ACTION ITEM ->
The reply should contain all the data below, repeated exactly, and none of the images.

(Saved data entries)
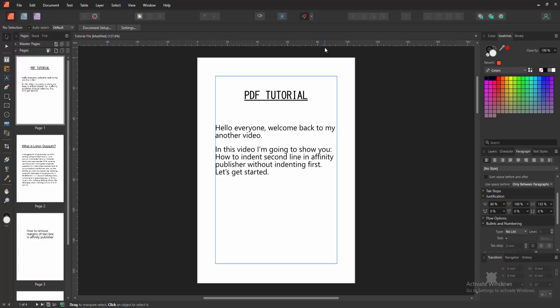Assalamu alaikum. Hello friends, how are you? Welcome back to another video.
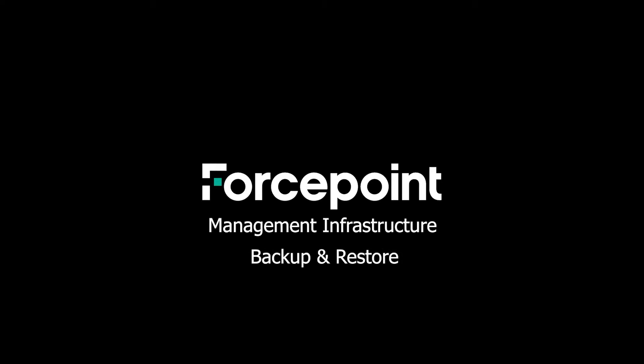Welcome to another Forcepoint Tech Talk Tuesday episode. In this video, we will go through how to backup and restore the Forcepoint management infrastructure. This process applies to any on-premise installation of web, email, and DLP.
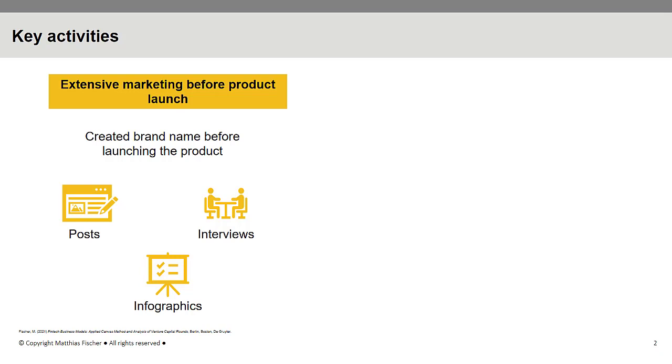Thus, Mint quickly became considered a trusted source of financial information. Also, many private investors started to subscribe to their newsletter.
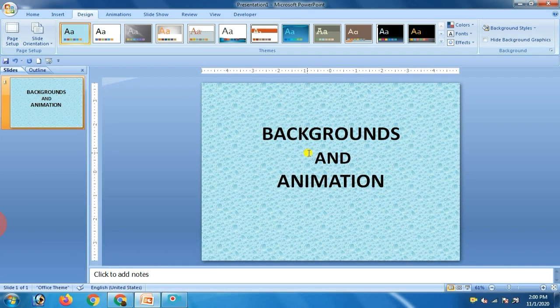Our next topic is applying the theme. Themes are ready-made combinations of background, font setting, and layout. All work together to create a mood for your presentation. For applying the theme, click on the Design tab, then scroll through the themes gallery, right-click on the theme, and select the following options.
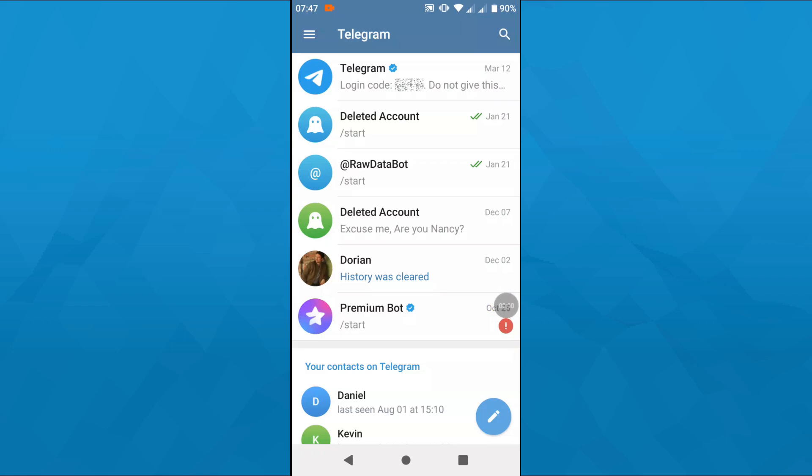Hey guys, what's up? In this short tutorial, we're going to teach you how you can change the ringtone for calls and incoming messages in a Telegram application, for instance on your Android. So let's get started right away.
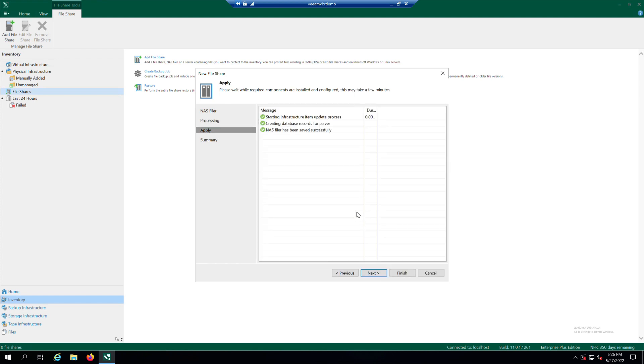At the Apply step of the wizard, wait until Veeam installs and configures all required components. Then, click Next.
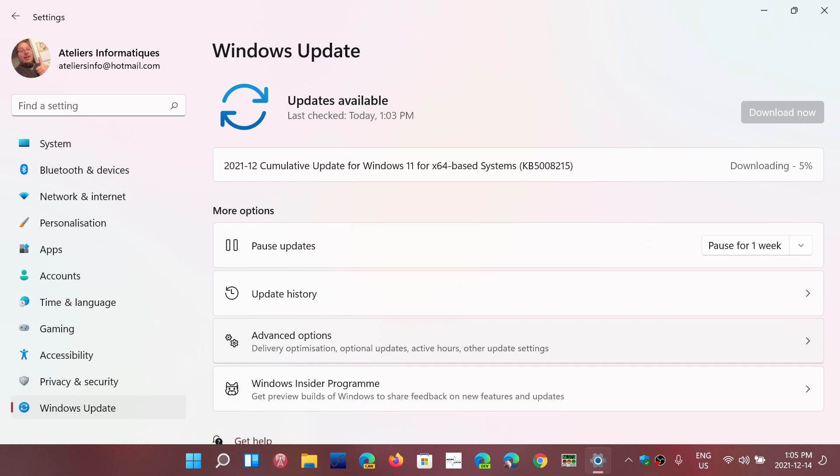So head on to your Windows machine. Go to Windows Updates and you'll see the updates appear for the security updates of the month of December.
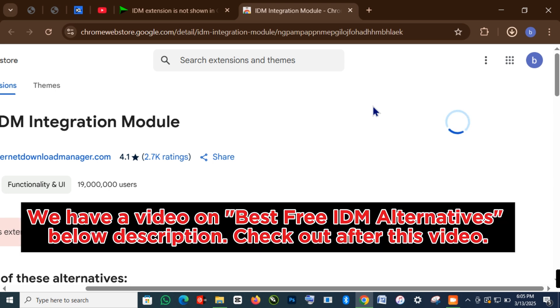We have a video on best free IDM alternatives. Check it out in the description below after this video.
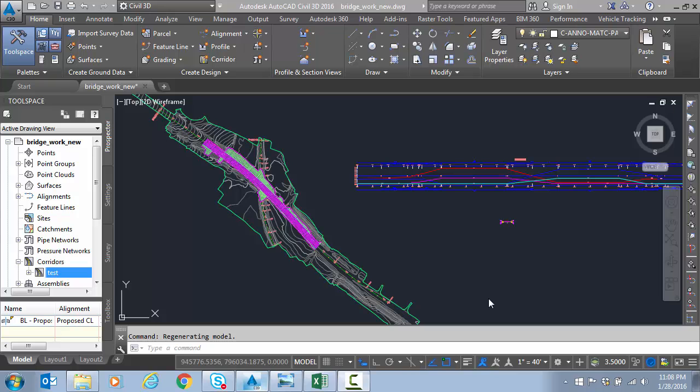In our final video here, we're just going to take a look at a corridor built from our super elevation that we edited in the view.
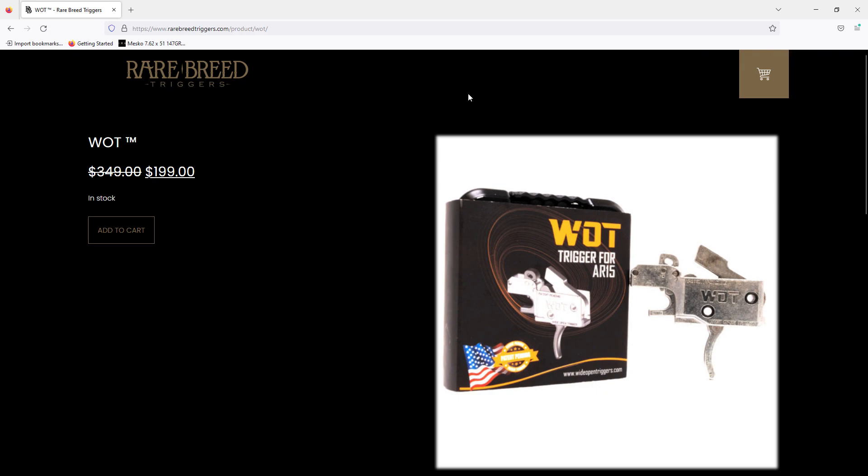Alright, good morning. Wednesday the 23rd. Yesterday I saw an email from Rare Breed about this, and on other places on social media besides YouTube, they're talking about this.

WRITTEN SOLUTION ->
Assalamu alaikum. Hello friends, how are you? Welcome back to another video.
Welcome to another Forcepoint Tech Talk Tuesday episode. In this video, we will go through how to backup and restore the Forcepoint management infrastructure. This process applies to any on-premise installation of web, email, and DLP.
Thus, Mint quickly became considered a trusted source of financial information. Also, many private investors started to subscribe to their newsletter.
Our next topic is applying the theme. Themes are ready-made combinations of background, font setting, and layout. All work together to create a mood for your presentation. For applying the theme, click on the Design tab, then scroll through the themes gallery, right-click on the theme, and select the following options.
Hey guys, what's up? In this short tutorial, we're going to teach you how you can change the ringtone for calls and incoming messages in a Telegram application, for instance on your Android. So let's get started right away.
At the Apply step of the wizard, wait until Veeam installs and configures all required components. Then, click Next.
So head on to your Windows machine. Go to Windows Updates and you'll see the updates appear for the security updates of the month of December.
We have a video on best free IDM alternatives. Check it out in the description below after this video.
In our final video here, we're just going to take a look at a corridor built from our super elevation that we edited in the view.
Alright, good morning. Wednesday the 23rd. Yesterday I saw an email from Rare Breed about this, and on other places on social media besides YouTube, they're talking about this.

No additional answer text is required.